A man who, four years ago, earned a reputation as a good political communicator has now pretty much mastered the art of how to speak while saying nothing at all.

Do take three minutes out of your life to read the whole thing;
marvel at that line spacing; and shudder at the thought that he explicitly promises more of the same every day for the next five months.

Well, we can't go on like this, as the good man says. So Next Left has this weekend been inspired and provoked by Dave's speech to demonstrate some social responsibility, and is launching a new award to identify the most profound pieces of political meaninglessness of this election year.

Let us call it, provisionally at least 'The Steve Hilton Award for Progressive Gobbledook'. (We may need a short name too - 'the Hiltons', 'the Gobblies' or something: better ideas very welcome). The criteria are pretty straightforward. I am sure Progressive Conservatives will soon claim that
we all share literary influences too. Since that did not sound yesterday like the speech of a man who found a copy of Orwell's Politics and the English Language in his Christmas stocking, the short aide memoire of what we will be looking for may be helpful.

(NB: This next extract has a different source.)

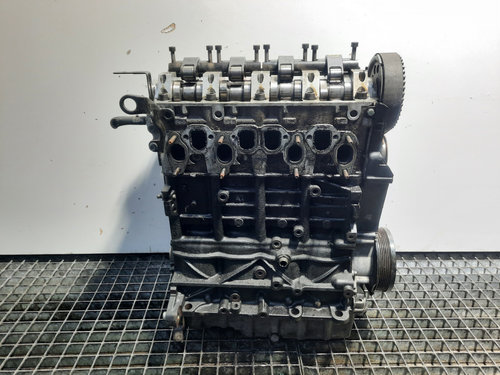 Motor, cod BXE, Audi A3 (8P1), 1.9 TDI (pr:110747)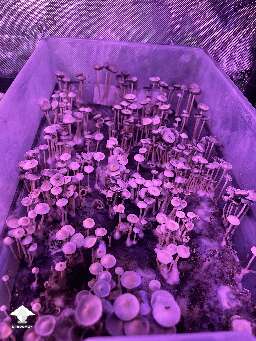 Panaeolus Cyanescens - Pan Cyan TTBVI strain growing by 🧞GT🍄GARGAMEL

We'll be watching out for both new confections and old favourites as potential 'Gobbly' nominees. Do please let us know about your favourite pieces of Cameronite meaninglessness too. But we might need some help from elsewhere around the political blogosphere if we are to construct a proper lexicon of Cameron meaninglessness: somebody must be able to work out what 'government in the post-bureaucratic age' is supposed to mean.

And, yes, I fully admit that New Labour often did great violence to the English language, particularly in its almost genocidal verblessness. Do, by all means, feel free to make the search for pre-election gobbledegook open to all of the talents in all of the parties. But I do feel that the strength of Dave's new year opener suggests he will demonstrate a transcendent ability to enter as yet unimagined new realms of gobbledegook.

***

For me, the hallmark of truly great Cameron-Hilton gobbledegook is found in statements of pure yet unacknowledged paradox along the lines of 'we will reduce poverty by ending redistribution'.

Hence our opening Gobblies nomination from yesterday's speech:

We can’t go on with an old-fashioned left-wing class war on aspiration from a government that has seen the rich get richer and the poor get poorer.

What could this mean, if it means anything at all?

As mood music it is intended to conjure up a contrast: in a David Cameron Britain perhaps the poor will get richer and the rich poorer through some new-fashioned right-wing something-or-other though we know not what.

Certainly, he is signalling that he would very much like to narrow the gap between rich and poor, maybe, though obviously without treading into nasty areas like class or redistribution.

But it doesn't quite say that, because it doesn't really quite say anything at all. And yet, in just 28 words, it manages to get a remarkable number of things wrong. Perhaps it is simply missing the point to take the speech seriously at all, but here are ten ways in which Cameron's meaninglessness seeks to mislead.

1. The poor have not got poorer under Labour. Firstly, the incomes of the bottom 25-30% of society have increased in real terms by around 1.5%-2% per year since 1997.

2. Perhaps Cameron 'inadvertently said something else' when he meant to say that poverty has increased under Labour. But relative poverty has decreased under Labour. David Cameron has already failed a Channel 4 fact-check for claiming that poverty had risen.

3. Cameron frequently makes the unsubstantiated claim that extreme poverty has risen. Two authoritative sources which he respects have warned him the statistics he is using are unreliable: the Institute for Fiscal Studies, whose figures are the source of his claim, and his favourite Labour MP (and Cameron fan) Frank Field tells him that this is 'dodgy' data.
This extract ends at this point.